Another legal tool that the committee members wish to see the state disassociate itself from is the one known as “the upgrade requirement for lands in military possession.” This is a position taken by the state prosecutors who say that it is forbidden to make civilian use of lands that were captured for military purposes. Some of the alternate sites in Beit El that were proposed as locations to house the evictees from the Ulpana neighborhood were ruled out by the prosecutors for this reason. Levy and his colleagues on the panel do not see much logic in this thinking.

The panel members wish to apply their revolution to the sensitive issue of land purchases. If their suggestions are implemented, then the entire public — both Jewish and Palestinian — would have unprecedented access to all of the land ownership documents as they relate to property in Judea and Samaria. Some of this information is classified and off limits (“Preventing access to these documents is a recipe for forgeries,” the committee posited.) In the second stage, Palestinians and Israelis can claim their rights to the land. Levy proposes that the limitations placed on Jews who wish to purchase land and register as landowners in Judea and Samaria — among them the “transaction permit” that the Civil Administration requires but rarely issues — be canceled.

Levy even tackles Jordanian law, which forbids the sale of land to Jews in Judea and Samaria. He proposes that this law be invalidated by dint of a special military decree.

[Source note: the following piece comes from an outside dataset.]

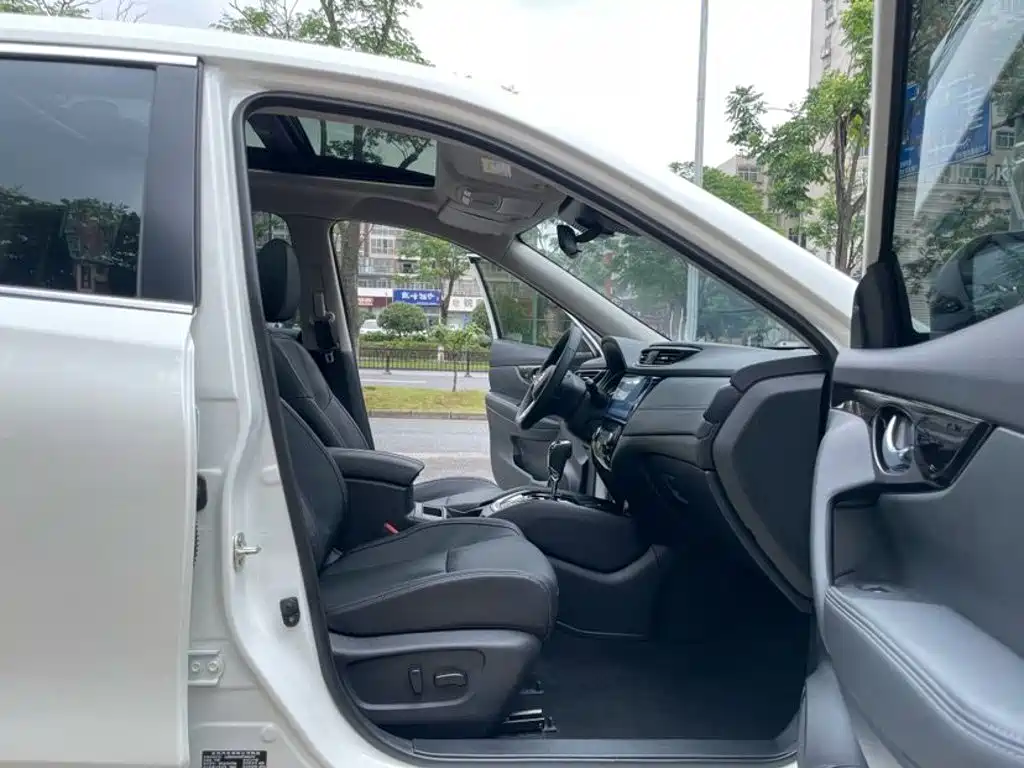 Nissan X-Trail — миниатюра 10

If anyone wishes to get a better idea of what is being discussed, they could revisit the issue of the Machpelah House in Hebron, which was purchased by Jews but evicted on the orders of Defense Minister Ehud Barak because the Jewish buyers did not possess transaction permits and other documents, some of which Levy proposes be canceled.

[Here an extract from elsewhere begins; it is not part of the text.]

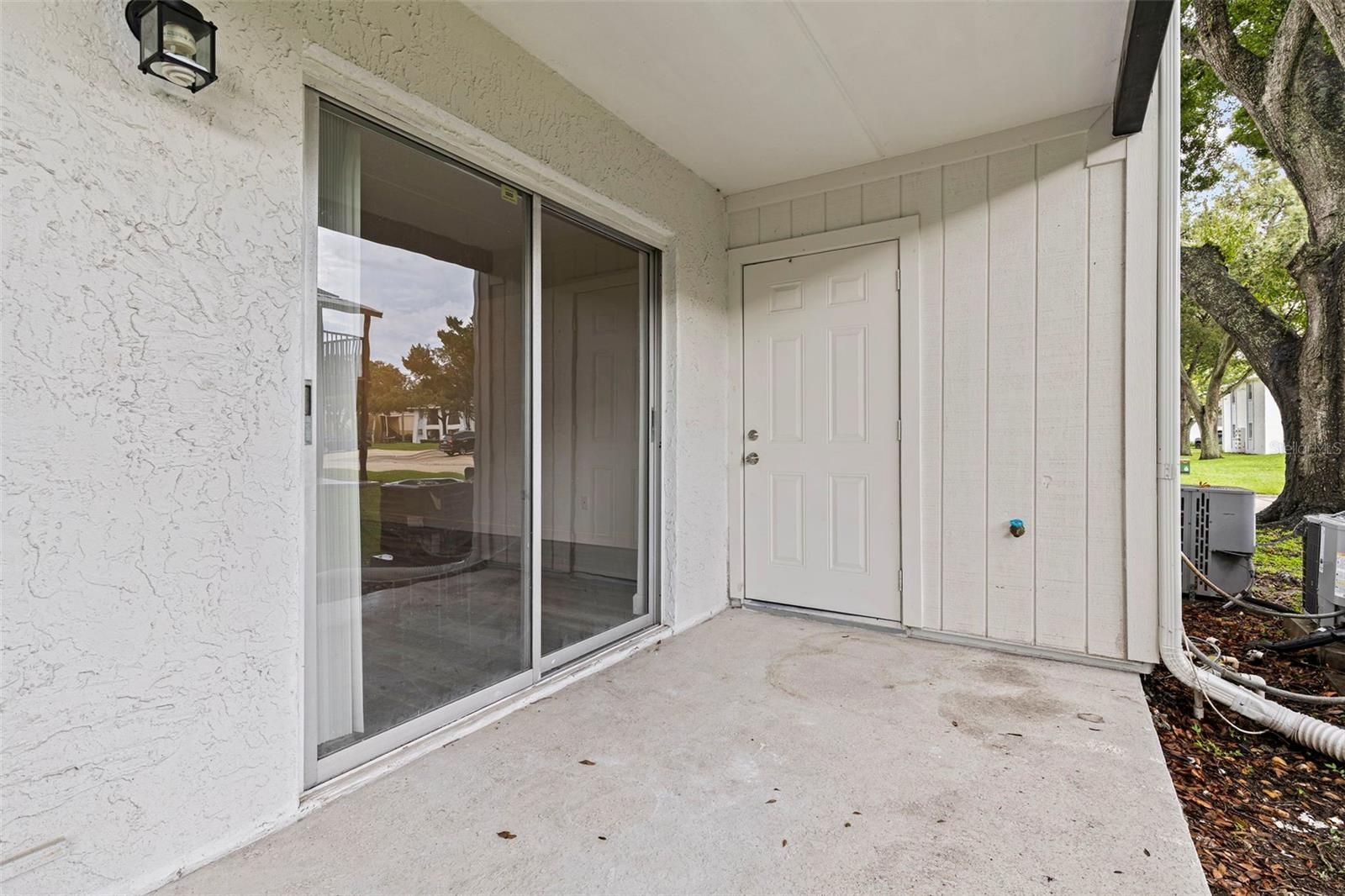 3803 N OAK DR #B21, TAMPA, FL, 33611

It is no wonder that the Left is in a panic and the Right is euphoric. Prime Minister Benjamin Netanyahu and the Ministerial Committee for Legislation will have to decide if they are only re-adopting the principle that settlements are legal or if they are using the wide range of legal tools that the Levy committee provided them in order to help the government buttress this claim.

“Transparent to all”

The most jarring bit of information in the report led the committee to exonerate the settlers and the inhabitants of the outpost, who have long been considered by jurists and political adversaries as criminals and lawbreakers. The Defense Ministry’s top legal advisor, Ahaz Ben Ari, told the committee explicitly: “In the 1980s, there was a surge in construction. Planning and building laws were eschewed virtually out of ideological considerations. When the government approved the settlement of Revava, there were already cabins there on the ground… It was anarchy… The people who live there are paying a price, even though it was possible to legalize the place…”

The committee also heard statements from Sara Aharon, the head of the Housing Ministry’s village construction division, who told Sasson: “The unauthorized outposts were approved, recognized, and sanctioned by both government decisions as well as the most senior officials in the Prime Minister’s Office and the Defense Ministry.”

Yossi Segal, who is responsible for abandoned government property, told the committee that the moment it was decided to establish a settlement that wants to expand its municipal boundaries by adding a neighborhood, it is no longer considered a new settlement, thus the addition of the neighborhood is not contingent upon a government decision.

Many pages were devoted to statements made by Yuval Ponak, the deputy director general of the World Zionist Organization’s settlement division, who vociferously disagrees with Sasson’s conclusions.

“In all small-scale, village settlement, since the founding of the state until the present day, the task of physical settlement always preceded the approved planning processes,” he said. “This was how the hilltop settlements in Gush Segev and the Galilee were built in the 1980s. This was how the Adulam strip settlements (the area of land that lies between Beit Shemesh and Beit Guvrin) were built in the 1950s, and this was how all of the relevant state and government agencies involved in the building of towns conducted themselves, including the Civil Administration.”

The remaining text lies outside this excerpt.